Home maintenance are expenses incurred for the upkeep of your home (or in this case, related to your office space claimed). That is, expenses to maintain the condition of your home, and are not capital improvements that add value to your home, and have a lasting purpose.
Capital improvements adding value, are instead claimable only for business, rental, or investment purposes – in part, as capital cost allowance (“CCA”; depreciation). In those cases, they are claimable only in part – depreciated over years. Typically property is allowed only 4% per year in deductions, but certain items such as appliances fall into another CCA Class, with higher allowed rates.
Examples of current maintenance expenses:
- Repair of leaking roof.
- Painting, where your old walls’ paint is fading/chipping off.
Examples of capital expenditures, only claimable as CCA:
- Bathroom improvement renovations.
- New decorative flooring and walls.
Note: CCA functions by declining balance: you carry forward the unclaimed amount of the item, and then claim the rate on the new remaining balance the year after. Repeat for each year you continue to use the item.

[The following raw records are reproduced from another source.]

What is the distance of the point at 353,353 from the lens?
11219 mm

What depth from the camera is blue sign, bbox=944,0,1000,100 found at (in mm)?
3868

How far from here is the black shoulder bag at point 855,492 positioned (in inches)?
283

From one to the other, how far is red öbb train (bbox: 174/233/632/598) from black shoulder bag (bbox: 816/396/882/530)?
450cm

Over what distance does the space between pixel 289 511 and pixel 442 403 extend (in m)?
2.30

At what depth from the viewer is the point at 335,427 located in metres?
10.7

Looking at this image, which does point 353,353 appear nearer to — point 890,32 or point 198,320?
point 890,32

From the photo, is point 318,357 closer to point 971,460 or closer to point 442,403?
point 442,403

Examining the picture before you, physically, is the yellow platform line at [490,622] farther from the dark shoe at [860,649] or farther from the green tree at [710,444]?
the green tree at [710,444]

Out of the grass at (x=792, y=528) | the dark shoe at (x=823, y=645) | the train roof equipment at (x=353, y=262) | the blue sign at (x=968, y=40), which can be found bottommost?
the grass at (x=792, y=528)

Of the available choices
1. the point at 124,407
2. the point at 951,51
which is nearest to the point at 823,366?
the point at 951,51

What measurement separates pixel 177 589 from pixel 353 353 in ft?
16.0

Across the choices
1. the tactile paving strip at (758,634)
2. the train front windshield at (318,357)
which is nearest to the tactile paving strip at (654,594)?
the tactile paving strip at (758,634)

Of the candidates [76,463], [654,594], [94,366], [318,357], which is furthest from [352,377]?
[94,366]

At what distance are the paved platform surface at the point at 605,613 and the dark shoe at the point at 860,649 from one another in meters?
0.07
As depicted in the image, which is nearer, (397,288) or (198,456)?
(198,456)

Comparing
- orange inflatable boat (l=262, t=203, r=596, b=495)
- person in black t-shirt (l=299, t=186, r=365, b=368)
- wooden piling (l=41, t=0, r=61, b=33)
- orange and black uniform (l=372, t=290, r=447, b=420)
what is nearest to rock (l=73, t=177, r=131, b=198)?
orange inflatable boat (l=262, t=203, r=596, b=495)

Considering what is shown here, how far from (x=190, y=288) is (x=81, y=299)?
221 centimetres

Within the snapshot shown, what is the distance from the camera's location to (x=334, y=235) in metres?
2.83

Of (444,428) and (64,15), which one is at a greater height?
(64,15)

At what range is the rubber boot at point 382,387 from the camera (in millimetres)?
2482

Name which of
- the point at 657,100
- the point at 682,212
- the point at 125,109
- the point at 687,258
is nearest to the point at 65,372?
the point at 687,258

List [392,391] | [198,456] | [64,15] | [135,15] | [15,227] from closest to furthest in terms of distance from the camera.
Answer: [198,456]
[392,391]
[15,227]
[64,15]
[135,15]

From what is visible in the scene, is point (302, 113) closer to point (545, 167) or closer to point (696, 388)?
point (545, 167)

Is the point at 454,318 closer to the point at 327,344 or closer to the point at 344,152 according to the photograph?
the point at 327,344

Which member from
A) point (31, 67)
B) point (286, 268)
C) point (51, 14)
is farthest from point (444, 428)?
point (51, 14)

You spent $10,000 on bathroom renovations. CCA claimable @ 4% = $400. Year 1: Claim $400. Remaining balance: $10,000 - 400 = $9,600. (i.e. To CRA, your bathroom renovations depreciated by $400, and is now worth $9,600.) Year 2: Claim 4% of $9,600 balance; $384. New balance: $9,600 - 384 = $9,216. Claim 4% on this next year, and so forth.
“[a]n expense that simply restores a property to its original condition is usually a current expense…” and that “[t]he cost of repairing a property by replacing one of its parts is usually a current expense.”Canada Revenue Agency (“CRA”)

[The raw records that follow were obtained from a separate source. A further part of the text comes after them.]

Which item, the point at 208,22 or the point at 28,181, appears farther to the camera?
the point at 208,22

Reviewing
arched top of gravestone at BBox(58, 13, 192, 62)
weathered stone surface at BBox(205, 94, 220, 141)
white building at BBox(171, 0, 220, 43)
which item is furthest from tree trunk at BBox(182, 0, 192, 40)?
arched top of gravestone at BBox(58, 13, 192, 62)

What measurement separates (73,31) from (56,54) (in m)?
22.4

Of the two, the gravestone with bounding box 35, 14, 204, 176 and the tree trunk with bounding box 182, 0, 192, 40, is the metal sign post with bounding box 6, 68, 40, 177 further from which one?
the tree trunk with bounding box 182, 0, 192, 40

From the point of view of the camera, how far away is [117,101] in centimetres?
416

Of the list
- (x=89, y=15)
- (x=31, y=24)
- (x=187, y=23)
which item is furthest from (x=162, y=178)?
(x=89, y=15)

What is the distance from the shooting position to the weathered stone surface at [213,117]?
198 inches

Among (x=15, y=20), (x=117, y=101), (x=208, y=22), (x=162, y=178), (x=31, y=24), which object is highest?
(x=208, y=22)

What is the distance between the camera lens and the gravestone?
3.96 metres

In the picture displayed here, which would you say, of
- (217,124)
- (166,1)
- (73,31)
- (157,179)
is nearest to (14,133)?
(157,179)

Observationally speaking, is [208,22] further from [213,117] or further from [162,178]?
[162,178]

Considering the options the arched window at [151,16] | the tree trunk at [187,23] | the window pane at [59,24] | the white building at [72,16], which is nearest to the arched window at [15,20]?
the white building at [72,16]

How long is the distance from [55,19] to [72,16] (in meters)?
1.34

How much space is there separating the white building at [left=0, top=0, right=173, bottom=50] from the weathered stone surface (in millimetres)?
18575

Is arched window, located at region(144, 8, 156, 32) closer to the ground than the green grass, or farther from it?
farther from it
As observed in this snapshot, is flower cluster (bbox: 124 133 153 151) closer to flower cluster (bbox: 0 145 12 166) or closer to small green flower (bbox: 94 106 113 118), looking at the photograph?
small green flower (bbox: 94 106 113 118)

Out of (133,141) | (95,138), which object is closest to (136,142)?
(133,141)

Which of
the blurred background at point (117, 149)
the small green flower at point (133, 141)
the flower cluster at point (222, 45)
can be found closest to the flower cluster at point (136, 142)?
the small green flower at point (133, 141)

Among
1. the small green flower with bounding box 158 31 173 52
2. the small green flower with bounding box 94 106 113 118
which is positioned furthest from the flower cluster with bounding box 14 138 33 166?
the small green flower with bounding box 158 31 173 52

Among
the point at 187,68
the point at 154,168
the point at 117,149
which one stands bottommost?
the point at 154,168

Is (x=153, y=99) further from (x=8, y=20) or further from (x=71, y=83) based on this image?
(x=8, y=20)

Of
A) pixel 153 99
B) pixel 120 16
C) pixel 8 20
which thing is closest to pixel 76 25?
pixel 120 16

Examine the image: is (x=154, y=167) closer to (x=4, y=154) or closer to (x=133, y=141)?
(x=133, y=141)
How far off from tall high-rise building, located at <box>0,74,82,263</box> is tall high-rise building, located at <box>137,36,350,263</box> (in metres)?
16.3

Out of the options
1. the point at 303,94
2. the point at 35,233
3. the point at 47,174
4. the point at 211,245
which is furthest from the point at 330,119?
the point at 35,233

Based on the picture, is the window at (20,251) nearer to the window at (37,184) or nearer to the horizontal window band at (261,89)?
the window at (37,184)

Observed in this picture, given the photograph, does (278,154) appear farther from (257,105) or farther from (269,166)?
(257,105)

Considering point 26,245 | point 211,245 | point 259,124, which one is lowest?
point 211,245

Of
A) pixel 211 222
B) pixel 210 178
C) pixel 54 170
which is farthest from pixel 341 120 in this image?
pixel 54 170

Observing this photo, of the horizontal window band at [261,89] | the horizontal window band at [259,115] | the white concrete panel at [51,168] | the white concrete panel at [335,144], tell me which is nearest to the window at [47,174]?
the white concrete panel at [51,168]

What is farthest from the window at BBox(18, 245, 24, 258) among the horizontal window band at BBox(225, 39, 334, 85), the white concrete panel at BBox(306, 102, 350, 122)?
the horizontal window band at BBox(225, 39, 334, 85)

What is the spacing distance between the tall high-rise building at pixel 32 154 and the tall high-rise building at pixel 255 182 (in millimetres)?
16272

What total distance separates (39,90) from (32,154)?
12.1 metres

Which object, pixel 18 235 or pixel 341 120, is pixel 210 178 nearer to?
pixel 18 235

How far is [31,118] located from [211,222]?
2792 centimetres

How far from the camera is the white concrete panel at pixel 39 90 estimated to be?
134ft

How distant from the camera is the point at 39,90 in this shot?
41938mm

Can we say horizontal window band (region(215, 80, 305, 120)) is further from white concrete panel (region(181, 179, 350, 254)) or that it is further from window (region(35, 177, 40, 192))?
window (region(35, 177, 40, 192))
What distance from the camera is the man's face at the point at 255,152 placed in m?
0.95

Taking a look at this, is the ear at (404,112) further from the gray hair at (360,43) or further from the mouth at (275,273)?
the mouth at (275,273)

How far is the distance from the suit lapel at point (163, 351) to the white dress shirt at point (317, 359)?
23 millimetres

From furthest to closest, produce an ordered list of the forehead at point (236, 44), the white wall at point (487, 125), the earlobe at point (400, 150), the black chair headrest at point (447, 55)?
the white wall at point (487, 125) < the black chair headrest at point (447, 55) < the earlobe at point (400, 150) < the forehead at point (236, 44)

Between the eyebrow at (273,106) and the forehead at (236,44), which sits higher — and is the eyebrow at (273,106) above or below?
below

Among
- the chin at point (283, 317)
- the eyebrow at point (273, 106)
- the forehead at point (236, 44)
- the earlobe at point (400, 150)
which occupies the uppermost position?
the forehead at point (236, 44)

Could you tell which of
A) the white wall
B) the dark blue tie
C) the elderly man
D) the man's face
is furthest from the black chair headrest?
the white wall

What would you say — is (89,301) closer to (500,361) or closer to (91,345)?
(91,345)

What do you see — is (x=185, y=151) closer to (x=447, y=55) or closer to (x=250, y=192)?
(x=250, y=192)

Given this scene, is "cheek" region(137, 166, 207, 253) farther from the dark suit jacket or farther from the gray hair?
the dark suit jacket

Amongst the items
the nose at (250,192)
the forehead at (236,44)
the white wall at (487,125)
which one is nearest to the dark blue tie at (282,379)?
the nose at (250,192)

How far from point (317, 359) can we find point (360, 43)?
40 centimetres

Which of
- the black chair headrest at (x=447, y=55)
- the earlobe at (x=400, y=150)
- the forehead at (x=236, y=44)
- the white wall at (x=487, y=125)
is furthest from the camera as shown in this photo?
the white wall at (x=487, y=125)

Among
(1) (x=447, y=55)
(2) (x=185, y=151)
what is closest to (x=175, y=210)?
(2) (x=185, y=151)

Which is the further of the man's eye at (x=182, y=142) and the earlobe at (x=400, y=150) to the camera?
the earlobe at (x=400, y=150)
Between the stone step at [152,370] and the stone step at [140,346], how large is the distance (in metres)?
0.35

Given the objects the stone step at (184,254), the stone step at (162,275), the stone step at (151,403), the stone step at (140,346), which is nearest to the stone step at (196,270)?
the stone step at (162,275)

Example Case of Home Maintenance Expense vs. Capital Expenditure
House was cribbed, jacked up, and existing footings were straightened and reinforced with some more cement. Issue between CRA and taxpayer: - Are these current maintenance expenses, or capital expenditures only claimable in part? — Water pump and tank under house were repaired — Electrical wiring was replaced — Taxpayer appealed CRA assessment that disallowed deductions for costs of repairs and maintenance — Appeal allowed — Repairs did not improve house beyond its original condition in any manner — Costs of repairs and maintenance, though all done at once, were properly deductible as current expenses and were not required to be capitalized. Martinello v. the Queen, 2010 TCC 432
Example Calculation, with Home Maintenance
Electrical repairs: $600 New flooring: $3,000 Part of home used for business: 500 / 2,500 sq. ft. = 1/4 CCA claimable for flooring: 4% of $3,000; $120 Total claimable: [$600 + 120] x 1/4 = $180
Why CCA is Often not Claimed
If you later dispose of property claimed as CCA (e.g. trade, or sell), you may be subject to a capital gain (half taxable) or capital loss.
A capital gain occurs when you dispose of property for more than its depreciated balance.
Home value, Year 1: $600,000 Business use part: $150,000 (1/4 of home) CCA claim: 4% of $150,000 = $6,000. Remaining balance, business use part: $150,000 - 6,000 = $144,000 Home is sold in Year 2 for $650,000. Business use part: 1/4 of $650,000 = $162,500 Capital gain: $162,500 - 144,000 = $18,500 Taxable amount: 1/2 of $18,500 = $9,250 So in the first year, you claim to have a cost of CCA of $6,000. In the 2nd, you profited $18,500 from its sale, for which half ($9,250) is additional taxable income.
A capital loss occurs when you dispose of property for less than its depreciated balance.
Home value, Year 1: $600,000 Business use part: $150,000 (1/4 of home) CCA claim: 4% of $150,000 = $6,000. Remaining balance, business use part: $150,000 - 6,000 = $144,000 Home is sold in Year 2 for $550,000. Business use part: 1/4 of $550,000 = $137,500 Capital loss: $137,500 - 144,000 = -$6,500 Tax deductable amount: 1/2 of -$6,500 = -$3,250 So in the first year, you claim to have a cost of CCA of $6,000. In the 2nd, you had an additional capital loss of $6,500 - half tax deductible. Instead of claiming CCA in Year 2, you now claim half of this loss.